# PES. or DST.?



## Louie2010 (Feb 26, 2010)

I recently purchased a Brother PR-650 and it can read files in either PES. or DST. Once I am ready to start up and order digitizing is there one that is better to use than the other? Where I purchased my machine the woman said she prefers DST. but I don't really remember why that was?

Everyone here has been both very informative and very helpful, so I figured this would be a great place to see what others use and what advantages one format might have over the other.

Thanks in advance for your time.


----------



## tfalk (Apr 3, 2008)

If you use the Brother PE-Design software, save the files as .PES. .PES files are a little easier for setting the colors in the file as well as on the machine. Otherwise, no real difference... .DST files will work on a lot more machines.
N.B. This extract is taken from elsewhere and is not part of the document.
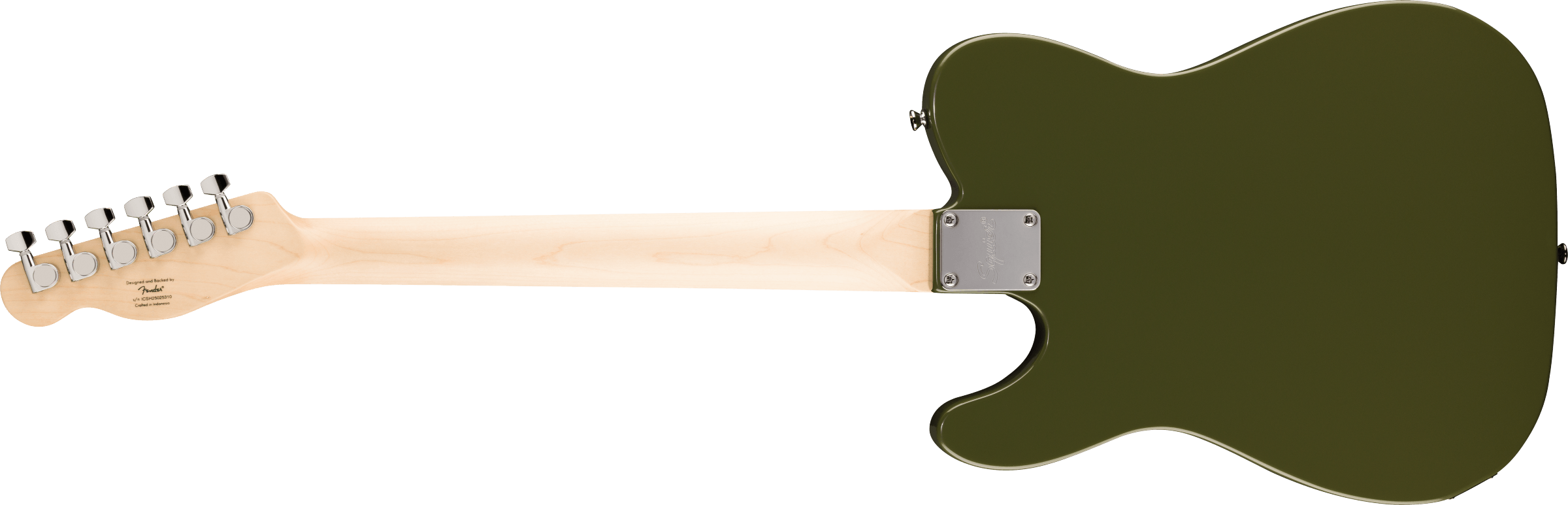 Squier Sonic Esquire  Olive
If I'm using PE-Design, I save them as .PES files on my hard drive and then save them directly to the PR600. I also have an SWF which recognizes .DST files so I've on occasion exported PE-Design files to use on it.


----------



## Louie2010 (Feb 26, 2010)

I do have PE-Design 8. If I order a file in DST can I convert it to PES with that program, or convert PES to DST?
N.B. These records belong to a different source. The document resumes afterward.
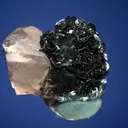 Hematite with Quartz - image 3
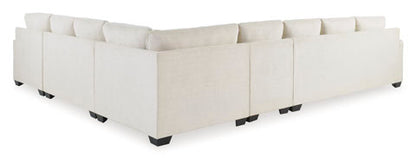 Lerenza 5 piece sectional Sofa Set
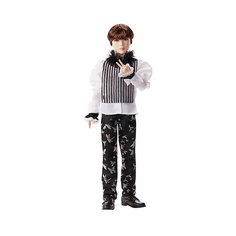 Коллекционная премиальная кукла Mattel BTS Мин Юнги, 28 см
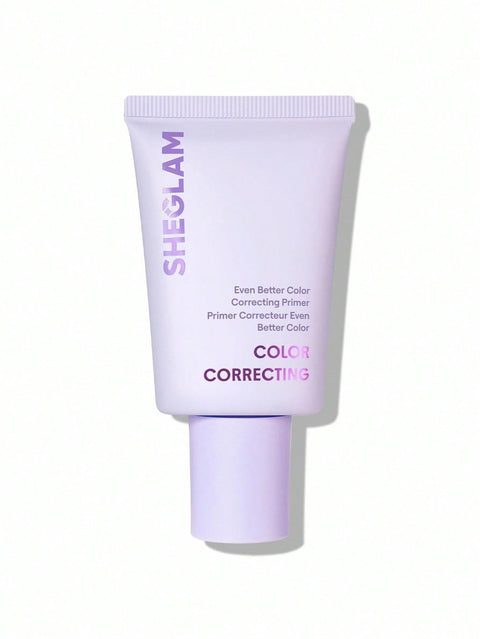 Sheglam Even Better Color Correcting Primer-Purple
As far as colors, so far I have been setting them up on the machine rather than with PE-design.


----------



## ecreations (Jul 14, 2007)

You actually import the dst file to pe design and after you edit the file such as colors, then you can save it as pes then send it to your machine. I would recommend for you to setup and save your colors on your software that the machine, saving it from program such as pe design will help you in repeat order. If you have a customer that order today and then comes back 6 months or a year after and would like to have an exact color and design, pulling out their original saved file from your computer will be much easier than going to their previous work order. Goodluck and have fun with your machine.


----------



## dan-ann (Oct 25, 2007)

I hardly ever work with pes. dst is my choice. It is much easier for me to set the colors on the machine in -1-6 order rather then jump around and place them in pes order- Either way they both sew out beautiful


----------



## tfalk (Apr 3, 2008)

ecreations said:


> I would recommend for you to setup and save your colors on your software that the machine, saving it from program such as pe design will help you in repeat order. If you have a customer that order today and then comes back 6 months or a year after and would like to have an exact color and design, pulling out their original saved file from your computer will be much easier than going to their previous work order.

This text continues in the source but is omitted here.